One of my aims is to have a variety of apples ripening for my whole season here in Zone 6B on just a few trees. The question I cannot find an answer too, which may mean it’s a non-issue is:
Are there pros and cons to having one tree bearing fruits for the length of the season versus having all fruits that come at the same time on the same tree?
The trees will be close enough together that there should not be pollination issues in either event. I am intending at least semi-dwarf stock, if not full-sized roots, but I’m going to have to try and review what I have in ground, as retaining that information was not part of my process when I planted my first trees.
What you need are people who grow 100s of apples like @39thparallel to give some advice on some early , mid season, and late apples. How many trees total will you have?

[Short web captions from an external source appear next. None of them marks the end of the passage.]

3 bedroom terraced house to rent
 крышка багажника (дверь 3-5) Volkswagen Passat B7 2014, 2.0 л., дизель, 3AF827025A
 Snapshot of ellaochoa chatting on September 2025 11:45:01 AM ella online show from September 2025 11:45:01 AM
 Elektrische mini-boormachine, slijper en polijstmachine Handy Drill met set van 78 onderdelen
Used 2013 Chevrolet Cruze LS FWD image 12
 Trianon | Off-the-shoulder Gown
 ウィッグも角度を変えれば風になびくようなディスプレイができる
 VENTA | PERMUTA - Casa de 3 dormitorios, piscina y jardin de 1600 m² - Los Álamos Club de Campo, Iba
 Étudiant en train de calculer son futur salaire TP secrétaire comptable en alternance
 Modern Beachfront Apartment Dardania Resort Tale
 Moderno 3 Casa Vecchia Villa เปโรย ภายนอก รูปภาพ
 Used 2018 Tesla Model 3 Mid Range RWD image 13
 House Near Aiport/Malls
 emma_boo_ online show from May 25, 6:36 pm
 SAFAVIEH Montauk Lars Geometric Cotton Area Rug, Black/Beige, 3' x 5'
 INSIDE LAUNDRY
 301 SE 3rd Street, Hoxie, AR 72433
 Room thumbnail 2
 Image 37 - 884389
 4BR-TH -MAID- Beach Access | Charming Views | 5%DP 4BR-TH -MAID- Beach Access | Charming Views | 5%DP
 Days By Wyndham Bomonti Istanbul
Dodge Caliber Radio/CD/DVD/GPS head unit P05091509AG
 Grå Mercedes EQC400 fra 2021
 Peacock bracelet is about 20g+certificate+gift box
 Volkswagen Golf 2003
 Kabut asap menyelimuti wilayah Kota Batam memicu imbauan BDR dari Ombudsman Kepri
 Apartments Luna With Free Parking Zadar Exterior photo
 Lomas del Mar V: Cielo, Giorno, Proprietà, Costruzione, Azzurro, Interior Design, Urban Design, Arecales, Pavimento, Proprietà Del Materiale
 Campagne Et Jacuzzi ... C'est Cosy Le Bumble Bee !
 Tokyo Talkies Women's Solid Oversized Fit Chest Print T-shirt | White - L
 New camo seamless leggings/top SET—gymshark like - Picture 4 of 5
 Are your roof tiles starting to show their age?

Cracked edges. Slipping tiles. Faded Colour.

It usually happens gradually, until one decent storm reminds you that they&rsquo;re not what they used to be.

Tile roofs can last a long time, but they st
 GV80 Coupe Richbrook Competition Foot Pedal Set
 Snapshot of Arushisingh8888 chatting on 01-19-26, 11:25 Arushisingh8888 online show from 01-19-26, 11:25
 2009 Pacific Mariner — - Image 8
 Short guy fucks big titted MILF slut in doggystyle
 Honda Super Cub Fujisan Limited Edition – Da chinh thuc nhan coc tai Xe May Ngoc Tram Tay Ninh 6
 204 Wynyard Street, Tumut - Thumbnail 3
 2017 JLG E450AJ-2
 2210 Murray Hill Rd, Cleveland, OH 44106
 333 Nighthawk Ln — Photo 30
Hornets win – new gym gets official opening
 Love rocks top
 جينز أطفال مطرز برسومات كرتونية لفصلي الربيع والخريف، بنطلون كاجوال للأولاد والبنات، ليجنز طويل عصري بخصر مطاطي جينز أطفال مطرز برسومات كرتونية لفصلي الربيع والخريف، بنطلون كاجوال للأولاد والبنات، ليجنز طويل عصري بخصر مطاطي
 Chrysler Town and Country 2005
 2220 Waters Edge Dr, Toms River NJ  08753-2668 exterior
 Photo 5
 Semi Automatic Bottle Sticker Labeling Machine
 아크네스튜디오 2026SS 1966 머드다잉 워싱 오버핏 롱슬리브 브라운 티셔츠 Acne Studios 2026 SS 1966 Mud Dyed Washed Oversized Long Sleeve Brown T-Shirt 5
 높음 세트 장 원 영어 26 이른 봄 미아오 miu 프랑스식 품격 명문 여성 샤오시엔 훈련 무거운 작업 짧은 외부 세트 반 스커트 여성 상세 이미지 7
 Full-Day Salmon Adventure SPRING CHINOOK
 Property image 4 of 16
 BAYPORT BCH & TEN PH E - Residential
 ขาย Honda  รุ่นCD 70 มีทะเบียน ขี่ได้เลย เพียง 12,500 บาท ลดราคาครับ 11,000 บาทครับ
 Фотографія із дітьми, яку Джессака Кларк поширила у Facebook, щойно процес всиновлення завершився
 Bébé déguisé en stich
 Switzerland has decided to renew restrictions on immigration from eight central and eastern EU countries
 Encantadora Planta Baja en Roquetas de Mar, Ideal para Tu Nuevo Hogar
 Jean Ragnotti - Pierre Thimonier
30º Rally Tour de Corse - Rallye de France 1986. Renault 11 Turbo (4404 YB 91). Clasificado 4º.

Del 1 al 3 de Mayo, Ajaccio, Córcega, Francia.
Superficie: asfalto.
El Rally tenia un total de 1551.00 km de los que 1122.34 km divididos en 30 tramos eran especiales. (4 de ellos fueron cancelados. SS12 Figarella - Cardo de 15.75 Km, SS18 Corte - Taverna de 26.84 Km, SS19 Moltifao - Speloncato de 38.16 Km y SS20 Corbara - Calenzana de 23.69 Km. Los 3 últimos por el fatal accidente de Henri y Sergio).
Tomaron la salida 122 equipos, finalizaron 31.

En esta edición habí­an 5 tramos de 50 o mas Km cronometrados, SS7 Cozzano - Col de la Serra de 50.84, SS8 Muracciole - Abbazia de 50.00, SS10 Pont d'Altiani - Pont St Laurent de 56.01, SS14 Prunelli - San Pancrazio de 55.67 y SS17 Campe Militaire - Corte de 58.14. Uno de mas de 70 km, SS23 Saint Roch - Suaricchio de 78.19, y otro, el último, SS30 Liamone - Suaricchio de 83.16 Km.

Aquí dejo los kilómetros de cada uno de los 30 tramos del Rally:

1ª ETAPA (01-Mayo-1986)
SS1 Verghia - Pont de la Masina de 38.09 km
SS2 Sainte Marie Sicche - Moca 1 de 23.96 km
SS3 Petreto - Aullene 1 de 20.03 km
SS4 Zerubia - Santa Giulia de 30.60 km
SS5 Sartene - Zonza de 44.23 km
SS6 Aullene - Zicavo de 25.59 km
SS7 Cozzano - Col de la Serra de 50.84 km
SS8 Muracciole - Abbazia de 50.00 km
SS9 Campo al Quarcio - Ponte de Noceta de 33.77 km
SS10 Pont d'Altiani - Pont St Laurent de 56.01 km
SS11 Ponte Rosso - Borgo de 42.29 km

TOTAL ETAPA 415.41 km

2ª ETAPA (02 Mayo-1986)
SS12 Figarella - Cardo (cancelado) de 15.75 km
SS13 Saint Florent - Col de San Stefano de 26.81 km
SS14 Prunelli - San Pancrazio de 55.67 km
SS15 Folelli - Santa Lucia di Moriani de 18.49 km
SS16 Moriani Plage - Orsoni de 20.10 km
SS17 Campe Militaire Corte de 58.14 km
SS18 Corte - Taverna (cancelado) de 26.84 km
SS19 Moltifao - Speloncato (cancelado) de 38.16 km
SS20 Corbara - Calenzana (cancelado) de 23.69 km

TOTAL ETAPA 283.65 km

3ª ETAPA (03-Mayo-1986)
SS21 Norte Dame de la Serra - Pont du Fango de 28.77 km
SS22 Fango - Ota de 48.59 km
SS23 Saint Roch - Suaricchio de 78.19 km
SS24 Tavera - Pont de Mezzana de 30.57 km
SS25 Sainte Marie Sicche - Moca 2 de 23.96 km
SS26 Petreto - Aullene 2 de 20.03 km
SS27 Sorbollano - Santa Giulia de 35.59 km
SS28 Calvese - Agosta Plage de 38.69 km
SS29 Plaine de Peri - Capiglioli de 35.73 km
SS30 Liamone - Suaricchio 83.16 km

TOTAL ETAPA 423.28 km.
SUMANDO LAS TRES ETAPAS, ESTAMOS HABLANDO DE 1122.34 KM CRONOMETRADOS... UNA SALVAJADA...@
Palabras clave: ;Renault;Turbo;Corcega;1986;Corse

Group the ones with similar blossoming time on each tree so you can spray without killing pollinators on the late-blooming ones. I didn’t take that into account when I started grating my multi-variety trees. I wish I had known. Even if you hope to stay organic, you will probably still need Spinosad on them if you are east of the Mississippi River.
From what I have heard the con of a multi grafted tree is one type can start to take over. Generally even with planting you will look at vigor of the different varieties. Also 1 standard tree is going to give less apples than 2 standard apple trees of course. Another coin I suppose is you need to learn to graft so you can get the scion you want for the varieties you want or you have to pick a nursery with their chosen varieties. Fast Growing trees has a Honey Crisp, Red Fuji, Braeburn, yellow delicious and a Granny Smith one and Stark bros had the same varieties except yellow delicious was yellow transparent. Of course there was a supply shortage on Stark Brothers so I only had one option even though I ordered in November. Then if you get it from a nursery sometimes they don’t offer specific varieties of the varieties you want if it is less grafts.
I’ll likely have about 6 trees total. Some of my grafting practice this year will amount to scion banking for later years, with potted trees (single or multigrafted themselves) being given away to family and neighbors in a year or two as the fielded trees continue to grow into greater accomodation.
The goal, again, is to just be able to eat from the trees for as long during the year as possible. Although storage potential is likely to evolve, I’m not looking to grow enough to be commercial, and the few neighbors I have can certainly benefit from an excess.
I had not yet considered vigor. That’s a good point. I could prune overly vigous ones moe regularly, but i’d rather not create unnecessary work for myself, especially as I will most likely continue to age.
My overthinking amounts more to: is a longer fruiting period going to be harder on the tree than having fruits of a similar ripening habit. I expect the total number of fruits per tree would land about the same regardless, but to what effect on the natural processes of the roots and trunk? Would ripening fruit over five months be harder on it than if the ripening was all confined to five or six weeks? and, if so, would it be enough of a difference to shorten the lifespan or weaken the branches to a point where it would drop them?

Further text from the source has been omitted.